Snow Pole Detection using YOLOv9t and YOLO11n

TDT17 -- Visual Intelligence Mini Project

1. Background & Motivation

The Problem

Autonomous driving (AD) systems rely heavily on lane markings.
In Nordic winters, roads are often covered in snow, making standard lane detection unreliable.

The Solution

Snow poles act as the ground truth for road boundaries in winter.
Accurate detection of these poles is therefore critical for safe autonomous driving.

Challenges

Thin Objects - Snow poles are extremely thin. - At distance they can appear only 1--2 pixels wide.

Real-time Constraint - Detection must run on edge hardware with low latency.

Goal

Develop a robust object detection pipeline that maximizes mAP (Mean Average Precision) while maintaining real-time performance.

⬆️ Back to Top

2. Approach & Strategy

We adopted a Data-Centric AI approach rather than only tuning model hyperparameters.

1. Data Engine

The provided dataset (~1k images) was insufficient for robust generalization.

We therefore collected additional data by:

Scraping 10+ hours of YouTube winter driving footage
Extracting frames to create a large pseudo-dataset.

2. Auto-Labeling Pipeline

We used SAM 3 (Segment Anything Model) to automatically generate labels.

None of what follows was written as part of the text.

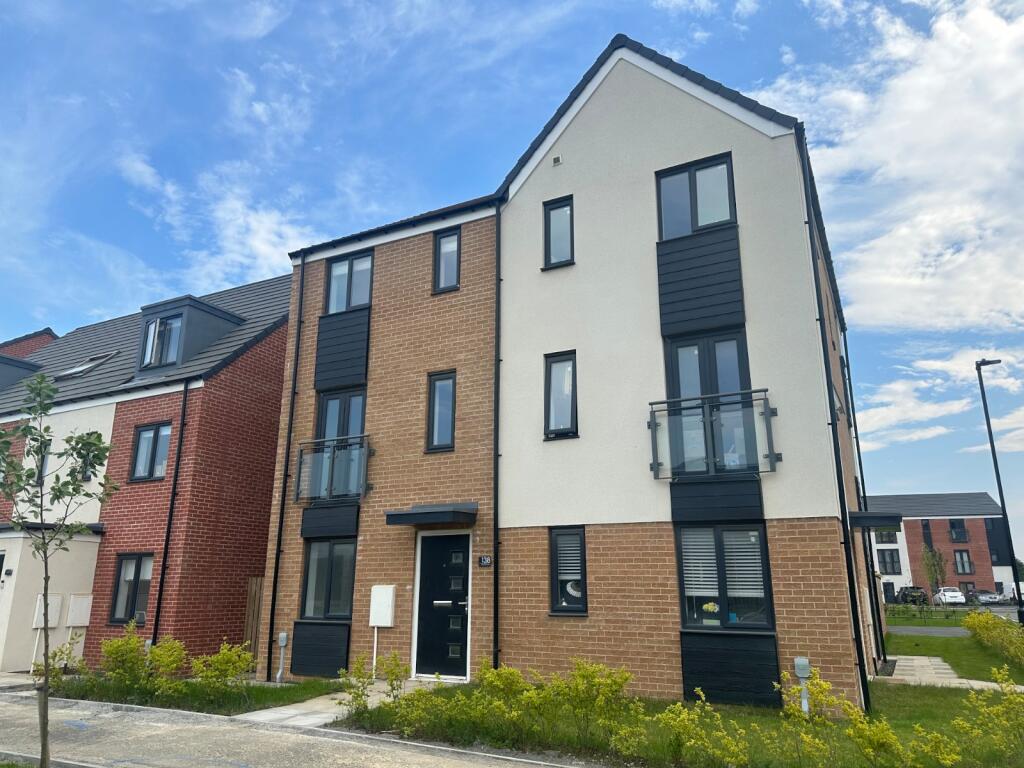 Main image of property: Primrose Lane, Newcastle upon Tyne, NE13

This produced approximately:

~36,000 pseudo-labeled frames

3. Transfer Learning Hierarchy

Stage 1 -- Pre-training

Train on large noisy YouTube dataset
→ provides general visual knowledge.

Stage 2 -- Fine-tuning

Train on high-quality iPhone / Roadpoles dataset
→ provides domain specificity.

4. Ensemble Architecture

To increase robustness we combined:

CNN detectors (YOLO)
Transformer detectors (RF-DETR)

This architectural diversity improves performance across different scenarios.

⬆️ Back to Top

3. Data Analysis (EDA)

Provided Dataset (iPhone)

Size ~1,000 labeled images

Quality High resolution: 1920 × 1080

Issue Dataset splits were sequential, causing data leakage where train and test images looked very similar.

Scraped Dataset (YouTube)

Size ~15,000 processed frames

Environmental Variety

Sunny
Overcast
Heavy snow
Highway vs rural roads

Labeling Auto-labeled using SAM 3 with prompt:

snowpole

Filtering

Low-confidence detections were removed to avoid training on incorrect labels.

⬆️ Back to Top

4. Methods & Models

Architecture 1: YOLOv9t & YOLO11n

Why YOLOv9t?

YOLOv9 introduces PGI (Programmable Gradient Information).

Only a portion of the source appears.